Postgres pg_dump dumps database in a different order every time Postgres pg_dump dumps database in a different order every time postgresql postgresql

Postgres pg_dump dumps database in a different order every time


Here is a handy script for pre-processing pg_dump output to make it more suitable for diffing and storing in version control:

https://github.com/akaihola/pgtricks

pg_dump_splitsort.py splits the dump into the following files:

  • 0000_prologue.sql: everything up to the first COPY
  • 0001_<schema>.<table>.sql
    .
    .
    NNNN_<schema>.<table>.sql: data for each table sorted by the first field
  • 9999_epilogue.sql: everything after the last COPY

The files for table data are numbered so a simple sorted concatenation of all files can be used to re-create the database:

$ cat *.sql | psql <database>

I've found that a good way to take a quick look at differences between dumps is to use the meld tool on the whole directory:

$ meld old-dump/ new-dump/

Storing the dump in version control also gives a decent view on the differences. Here's how to configure git to use color in diffs:

# ~/.gitconfig[color]        diff = true[color "diff"]        frag = white blue bold        meta = white green bold        commit = white red bold

Note: If you have created/dropped/renamed tables, remember to delete all .sql files before post-processing the new dump.


It's worth distinguishing schema and data here. The schema is dumped in a fairly deterministic order, most objects alphabetically, constrained by inter-object dependencies. There are some limited cases where the order is not fully constrained and may appear random to an outside observer, but that may get fixed in the next version.

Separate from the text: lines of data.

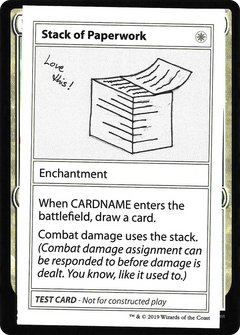 Stack of Paperwork (No PW Symbol)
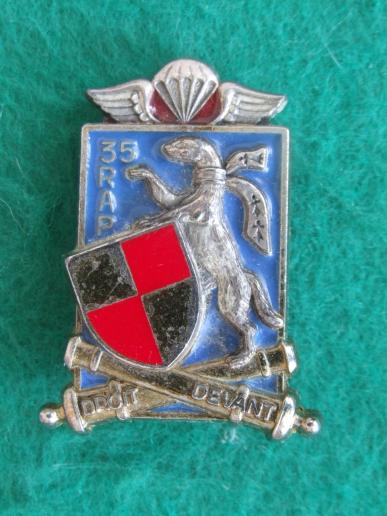 France 35e R.A.P. (Airborne Artillery Regiment) Pocket Crest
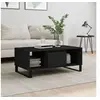 Image de Table basse Noir 90x50x36,5 cm Bois d'ingénierie 830597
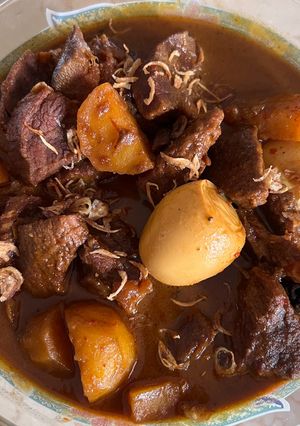 Foto resep Semur daging kentang telur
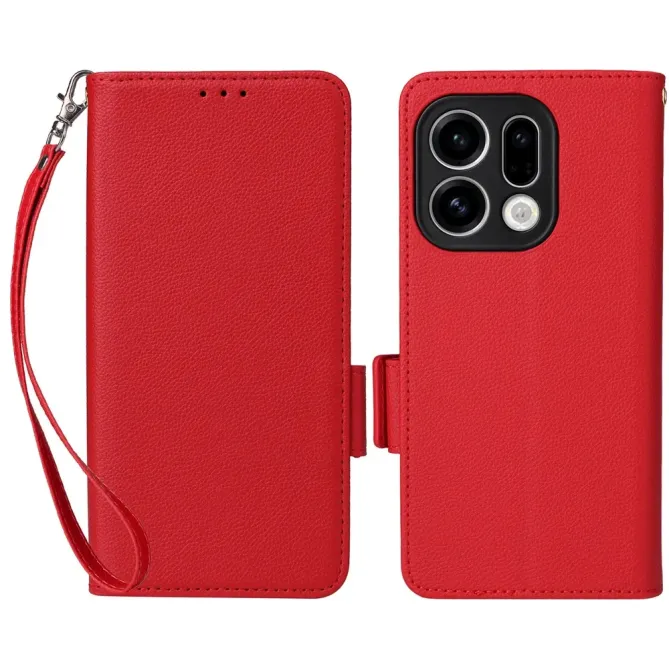 Housse Oppo Find X9 5G effet cuir à Lanière | FOLKEN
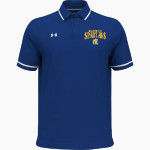 MASON CO CENTRAL HIGH SCHOOL SPARTANS UA Men's Team Tipped Polo Front Thumbnail
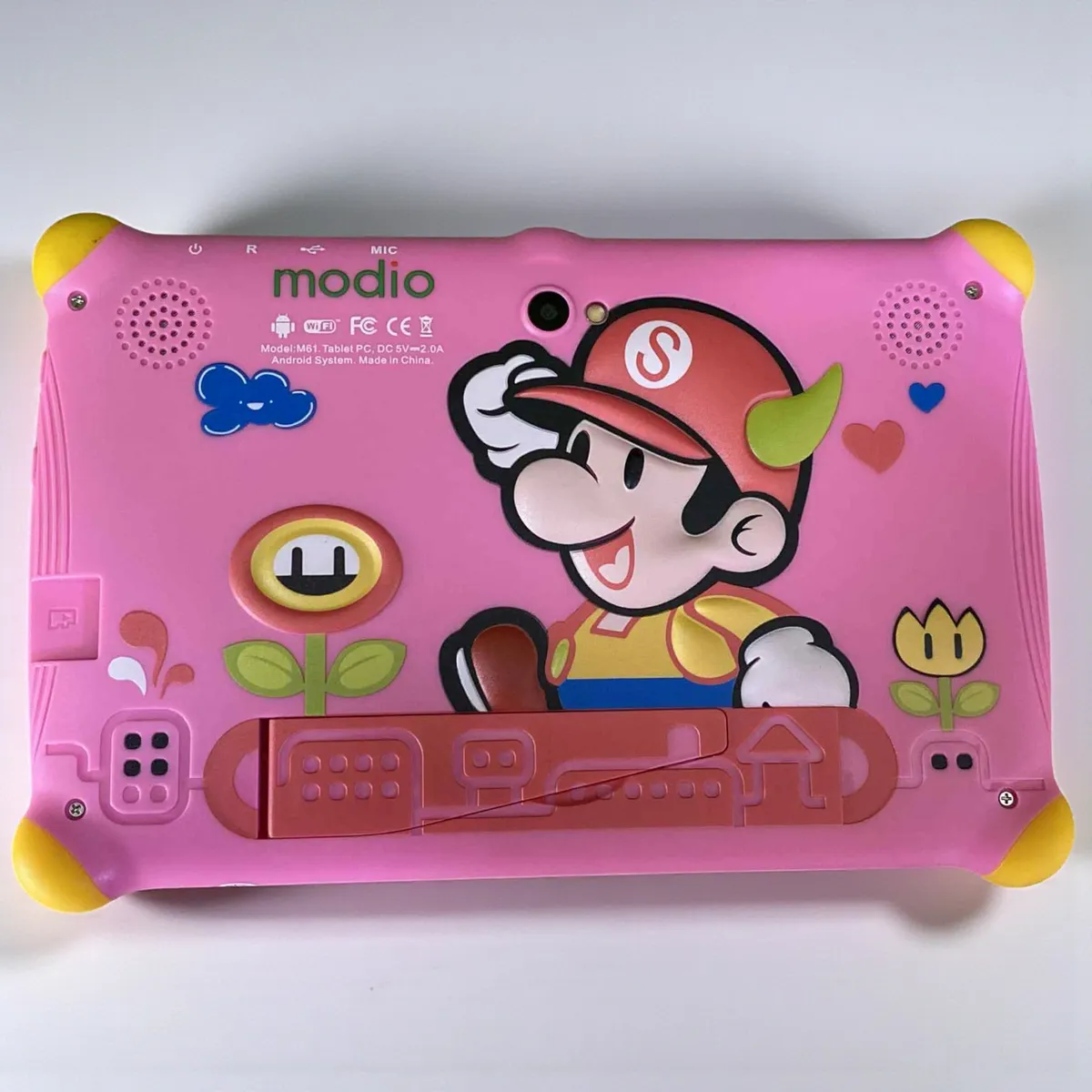 Tablette Kids Modio M61 - Rose – WiFi 5G – 6Go RAM + 128Go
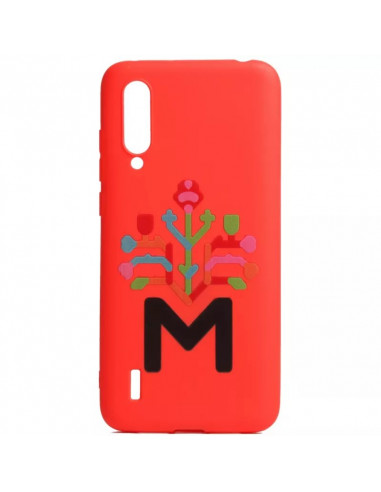 Helmet Case TPU Print Moldova Xiaomi Mi 9 Lite, Red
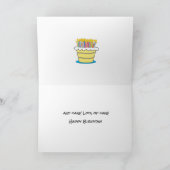 名前および年齢のハッピーバースデーの挨拶を個人化して下さい カード (内部)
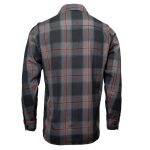 MMCC Blackout Men’s Black Gray Red Plaid Flannel Shirt – 100% Cotton Long Sleeve Button-Up – MMC11622 - Image 16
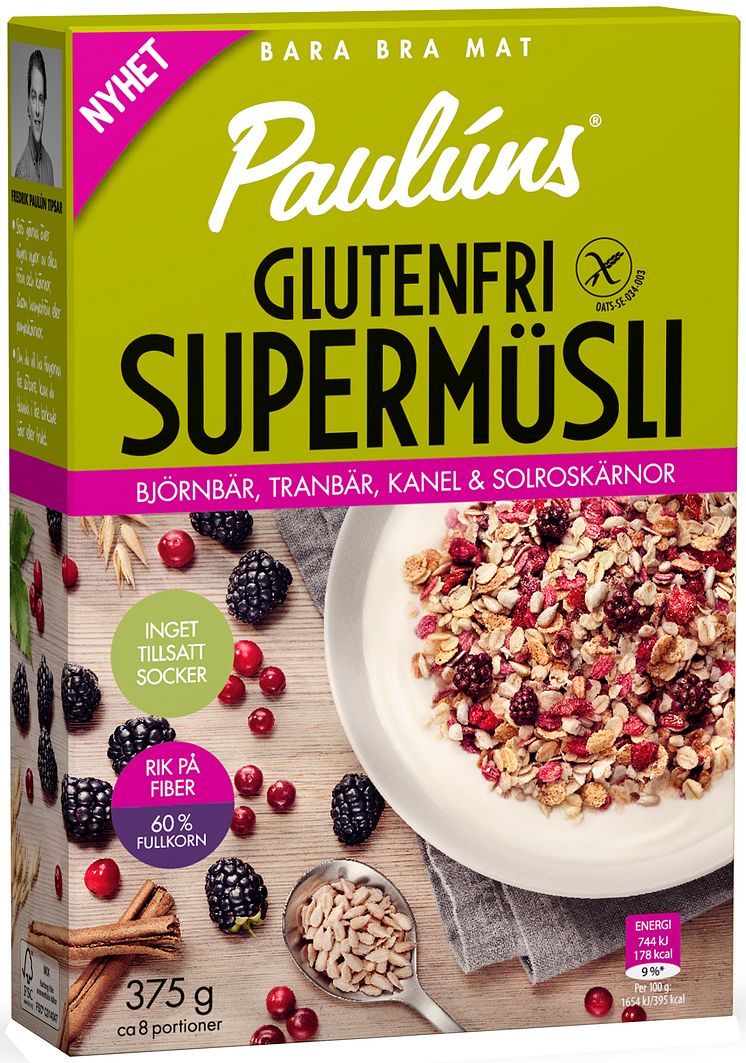 Paulúns Glutenfri Supermüsli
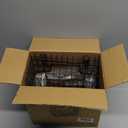 Wire Hanging Storage Basket 2 Packs, Wall Mounted Kitchen Bathroom Storage Basket, Home Multi-Functional, no Punching, Bearing Strong, Suitable for Home, Office,Black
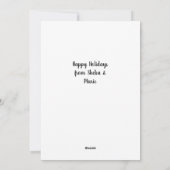 Carte de Noël Sibérienne Husky Retro Aqua (Dos)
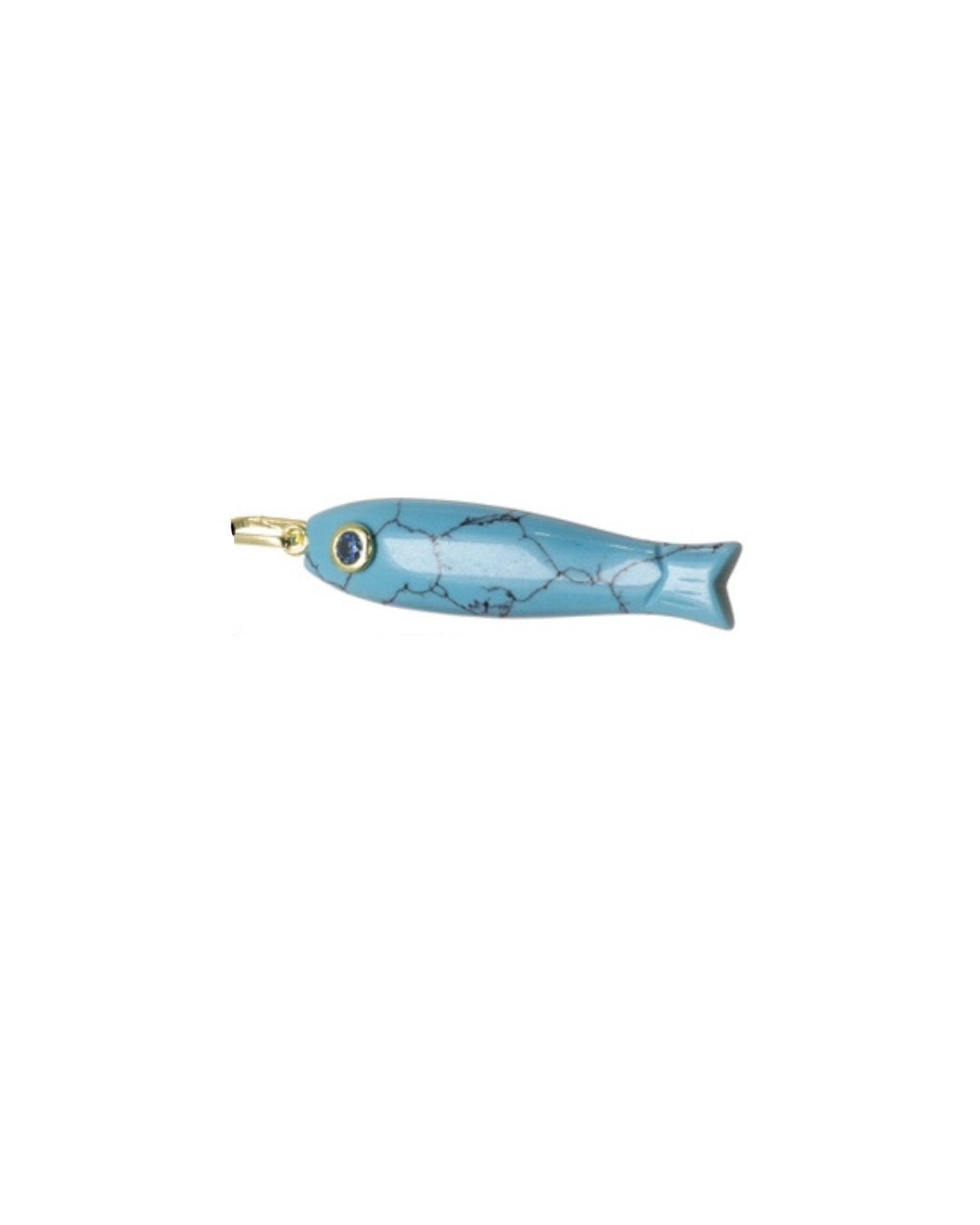 Fish Charm Magnesite Turquoise Jewelry Jewel Pledge 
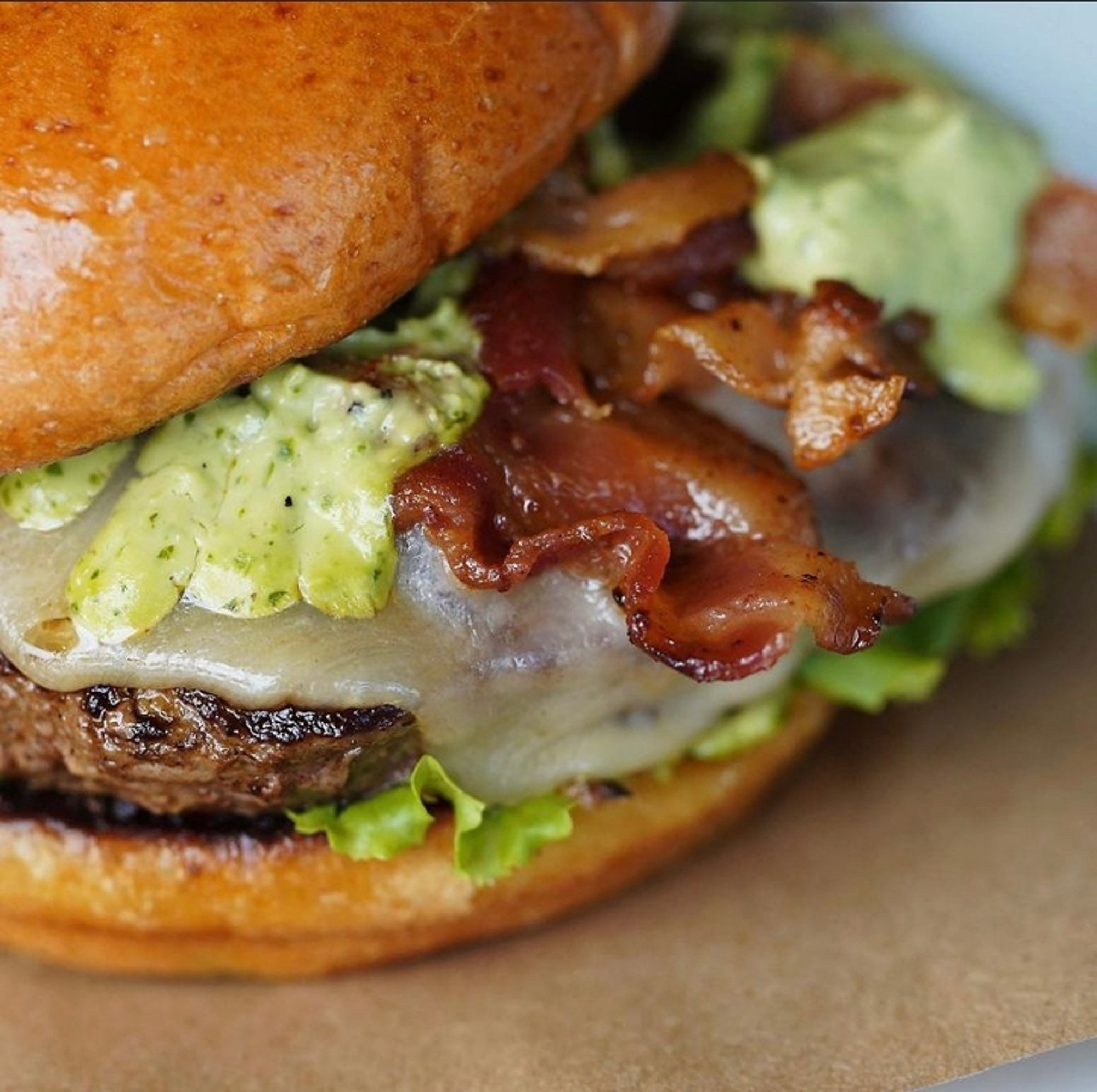Avocado Ranch Burger
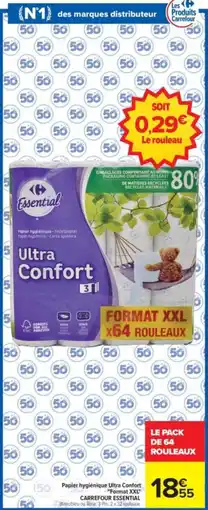 Carrefour Drive Essential Papier hygiénique Ultra Confort offre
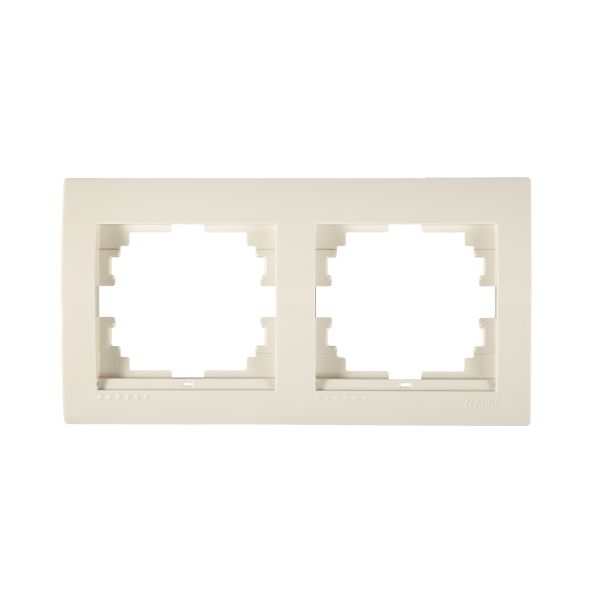 Рамка 2-місна горизонтальна Lezard Deriy, крем (702-0300-147)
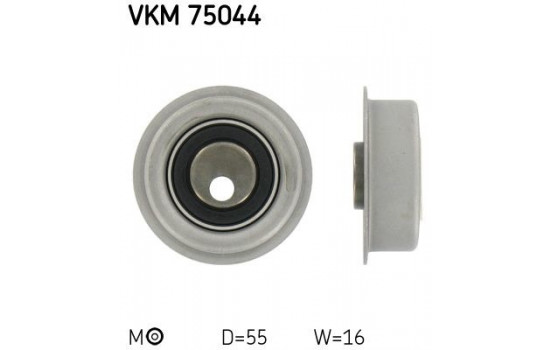 Tensioner Pulley, timing belt VKM 75044 SKF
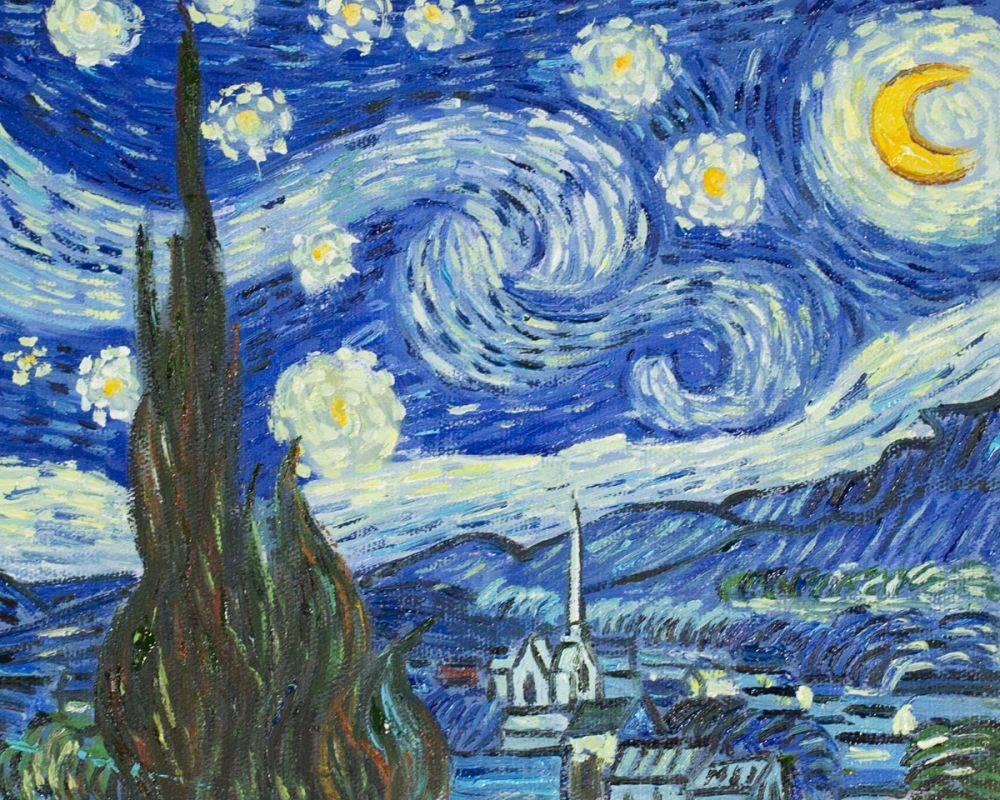 Van Gogh - Starry Night - 8x10 Reproduction Painting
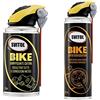 SVITOL Bike lubrificante catena spray 250 ml, ideale per e-bike, lubrificante azione protettiva & Bike Super Sgrassatore 500 ml, detergente bici, pulizia profonda senza acqua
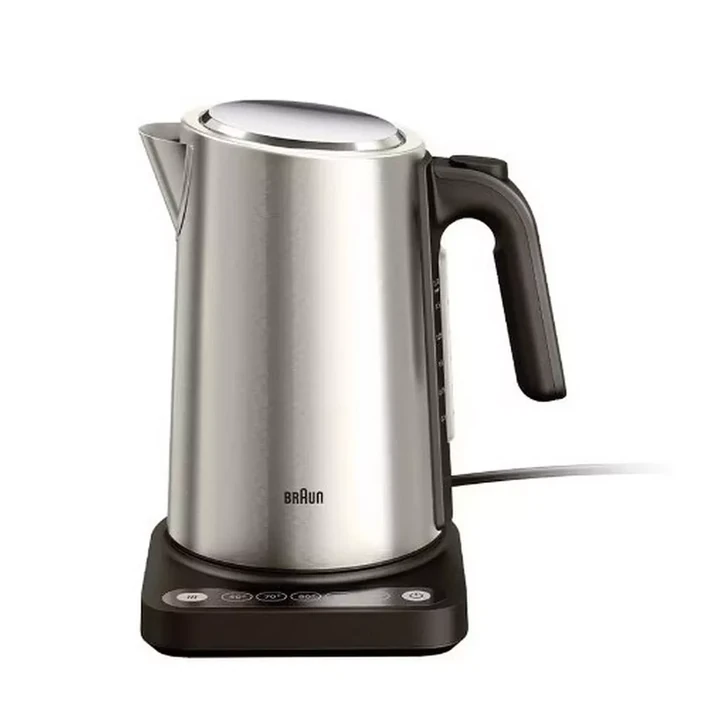ჩაიდანი Braun WK5205BK ვერცხლისფერი / შავი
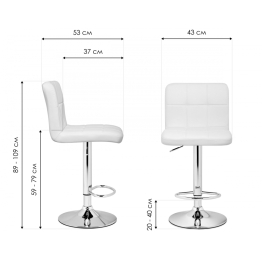 Барный стул Paskal (черный)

The data on the other hand is dumped in disk order. This is usually what you want, because you want dumps to be fast and not use insane amounts of resources to do sorting. What you might be observing is that when you "modify the DB" you are doing an UPDATE, which will actually delete the old value and append the new value at the end. And that will of course upset your diff strategy.

A tool that might be more suitable for your purpose is pg_comparator.


It is impossible to force pg_dump to dump data in any particular order, as it dumps data in disk order - it is much faster this way.

You can use "-a -d" options for pg_dump and then "sort" output, but newlines in data will make sorted output unusable. But for basic comparison, whether anything changed, it would suffice.